Shoftim 4-5: Devora and Ya'el

Rav Michael Hattin



Sefer Shoftim preserves the names of a total of thirteen figures who acted as "Judges," during the anxious and unstable period associated with Israel's conquest and settlement of the land of Canaan.  As we have already seen, the challenges of the age were great while the spiritual stamina of the people was often lacking, so that no judge ever succeeded in restoring peace or securing serenity for very long.  Nevertheless, some judges were more successful than others, and some of the narratives describing their exploits are correspondingly longer.  Concerning some of these leaders, the text tells us almost nothing; concerning others, we can trace almost the entire trajectory of their lives.  But of all of the judges whose lives and exploits are recorded in this short but remarkable book, only one has bequeathed to posterity a triumphal song of praise: Devorah.


Devorah is introduced to us rather abruptly.  We are told nothing about her birth, upbringing or family, only that she was the wife of the otherwise unknown "Lapidot" (4:4).  We know naught about her home or village, her children (?) or her friends, only that she was "a prophetess who judged Israel at that time."  Under a sturdy date palm that had (uncharacteristically) taken root in the hill country of Mount Efraim, she dispensed her instruction and inspiration, "between the Rama and Beit El." 

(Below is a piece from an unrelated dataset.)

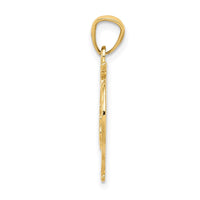 Load image into Gallery viewer, 14k Diamond-cut 15 ANOS Heart Pendant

Not surprisingly, the Rabbis (their opinions preserved in the Midrashic collection Yalkut Shim'oni) felt obliged to fill in some of the otherwise missing details.  They tell us for instance, in comments echoed by Rashi (11th century, France), that "Lapidot" refers to "torches" ("lapid" in Hebrew).  This is because Devorah would fashion wicks to kindle the lights of the Menora, and these in turn would be dutifully delivered by her husband to the Mishkan at Shilo.  What is striking about such a statement is not that it tends to stress Devorah's spiritual disposition.  What else to expect from a prophetess than for her to be busy fashioning wicks in her spare time, in order to spread the ethereal light emanating from the House of God!  Rather, what is unusual about Rashi's formulation is that it has the pronounced effect of downplaying any independent role that Devorah's husband may have had, for his personal name and identity is entirely overridden by the nature of his enabling but subservient role. 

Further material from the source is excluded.